Hoje, Carneirinhos é o  bairro, comercialmente, mais importante do Município, o mais movimentando e mais agitado,  apesar de ali as pessoas não se cumprimentarem.        

 


terça-feira, 2 de fevereiro de 2021

Monlevade desviou o leito de dois ribeirões para dentro de sua Fábrica de Ferro



O potencial hidráulico encontrado no entorno do Solar Monlevade (foto) foi de especial importância para a implantação e para o funcionamento da pioneira Fábrica de Ferro homônima, estabelecida a partir de 1828. 

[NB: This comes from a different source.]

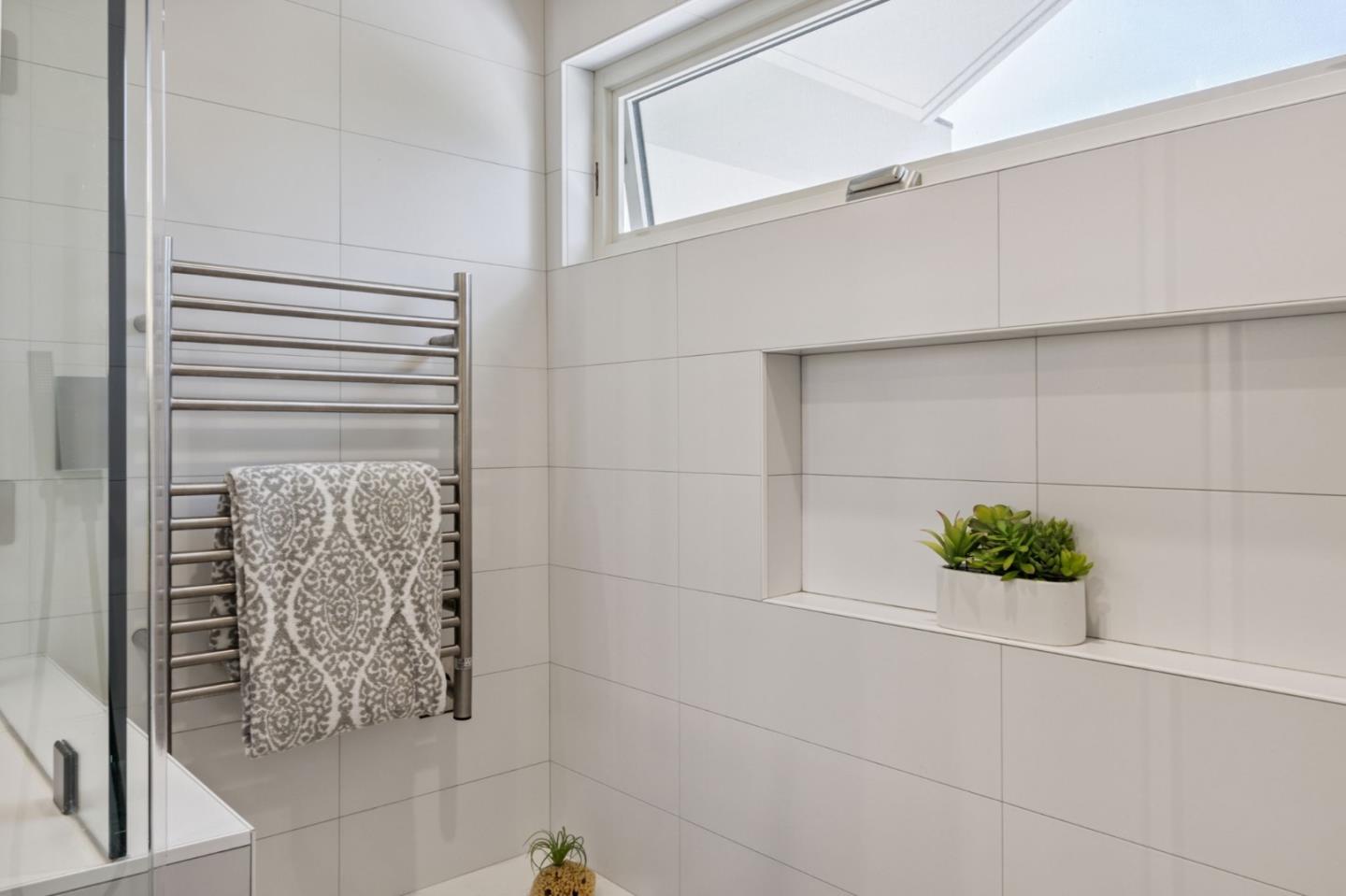 Detail Gallery Image 15 of 51 For 237 21st Ave, Santa Cruz,  CA 95062 - 3 Beds | 2 Baths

As águas dos ribeirões locais, além de abastecerem as serventias da Casa Grande e da numerosa escravaria de Monlevade, também irrigavam o amplo pomar existente no entorno dela e até deleitavam a vista dos observadores, já que o próprio Monlevade se orgulhava de ter construído no fundo de seu Solar uma cascata artificial de mais de 50 metros de altura. Contudo, a água representava uma importância ainda maior para Monlevade, já que todo o maquinário de sua Fábrica de Ferro era movido pela força da água, desde o grande martelo hidráulico de 1.200 quilos de peso, até os ventiladores das fornalhas de fundição, o que obrigou o patrono do Município a desviar os leitos de dois ribeirões para dentro de seu estabelecimento metalúrgico. 

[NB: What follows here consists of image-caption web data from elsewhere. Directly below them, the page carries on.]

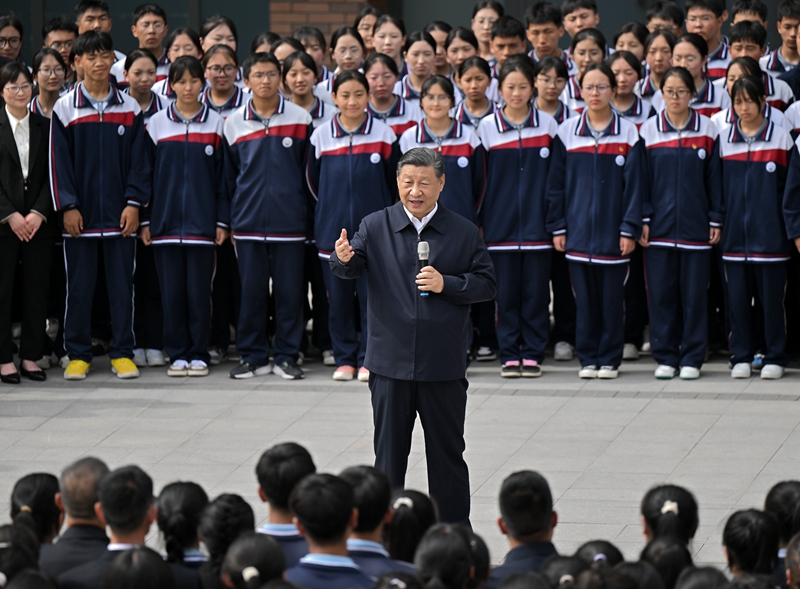 2024年6月18日,習(xí)近平總書記在青海果洛西寧民族中學(xué)考察時(shí),同師生們親切交流。 2024年6月18日,習(xí)近平總書記在青海果洛西寧民族中學(xué)考察時(shí),同師生們親切交流。
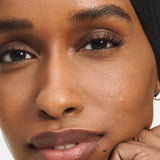 Echter Serum-Haut-Concealer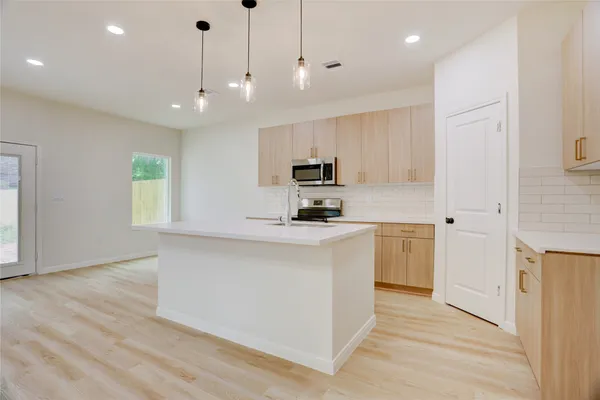 $2,350 | 8314 Williamsdell Street, Unit A, Houston, TX 77088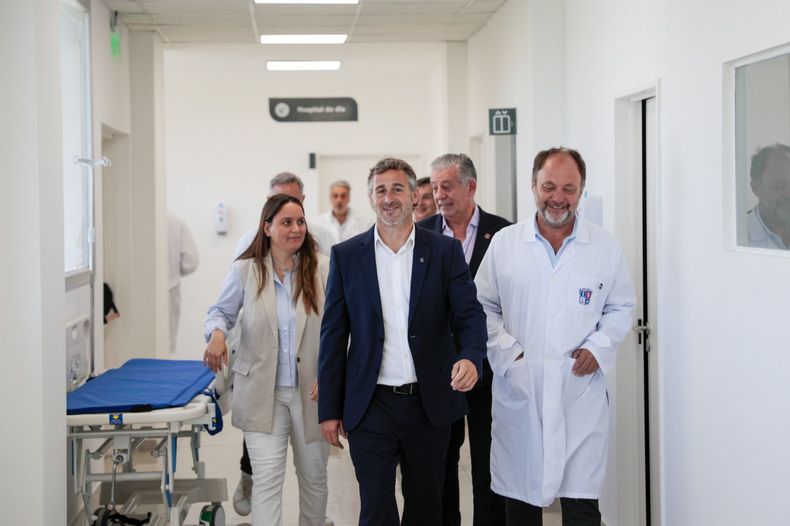 MÁS SALUD. Achával, junto a Rosario Beláustegui y Hernán Galimberti, sub y secretario de Salud, respectivamente.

O primeiro leito desviado foi o do ribeirão que nasce no alto do que hoje é o Bairro Vila Tanque. Mais limpo e menos caudaloso, o dito ribeirão foi desviado por meio de um rego tirado no traçado que hoje corresponde à Rua Imbé, de onde suas águas saltavam o paredão de pedra para formar uma bela cascata artificial de 54 metros de altura no fundo do Solar Monlevade, onde ela era toda recolhida por um bicame que a distribuía para abastecimento de todas as necessidades da casa, das senzalas e para irrigação do grande pomar. Ainda intramuros, após movimentar um engenho de pilões, um moinho de fubá e um ralador de mandioca, esta água era conduzida até a Fábrica de Ferro para se somar à água de outro ribeirão, num incrível esforço hidráulico. 

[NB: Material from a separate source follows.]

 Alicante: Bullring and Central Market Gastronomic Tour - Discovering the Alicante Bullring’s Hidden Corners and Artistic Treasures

O segundo leito desviado foi o do ribeirão que hoje é conhecido pelo nome de Córrego Carneirinhos. Muito mais caudaloso, o leito do Córrego Carneirinhos foi desviado por meio de um bicame aberto pouco antes de sua foz, no Rio Piracicaba, a fim de conduzir suas águas para dentro da Fábrica de Ferro Monlevade, de modo a movimentar uma série de maquinismos, tais como os três martelos hidráulicos de forja, de 75, de 225 e de 1.200 quilos de peso; os ventiladores das seis fornalhas de fundição e os ventiladores dos três fornos de caldeamento das quatro tendas de ferreiro. Esta água ainda movimentava um engenho de serrar madeira e uma máquina de tornear ferro. 
Sobre a utilização da água em seu estabelecimento, João Antônio de Monlevade registrou em 1853:
[...] 
 "Dois ribeirões, com regos já tirados, trazem para a fábrica em tempo de maior seca, muito mais água do que a necessária para o consumo dela, colocada aliás a 112 pés acima do Rio Piracicaba, cujas águas poderiam cobrí-la se fosse necessário. [...] Das montanhas vizinhas desce um córrego, o qual, por meio de um rego, forma a pequena distância e a vista da casa, uma cascata de 180 pes de altura a qual parece obra da natureza . Esta aguada é muito importante dando, mesmo no terreiro, impulso a um engenho de pilões, moinho de fubá a moda européia, ralador de mandioca, ventilador, etc... Esta água, repartida por todas as necessidades da casa, serve também para irrigações, e refrescando o ar, também deleita a vista. [...] Um bicame ou tanque d’água, colocado a trinta palmos acima do fundo do canal e no meio da casa está recebendo a aguada toda do ribeirão, dando força motriz para as duas rodas e o vento necessário por meio de quatro trompas, repartido com canais de braúna por todas as partes."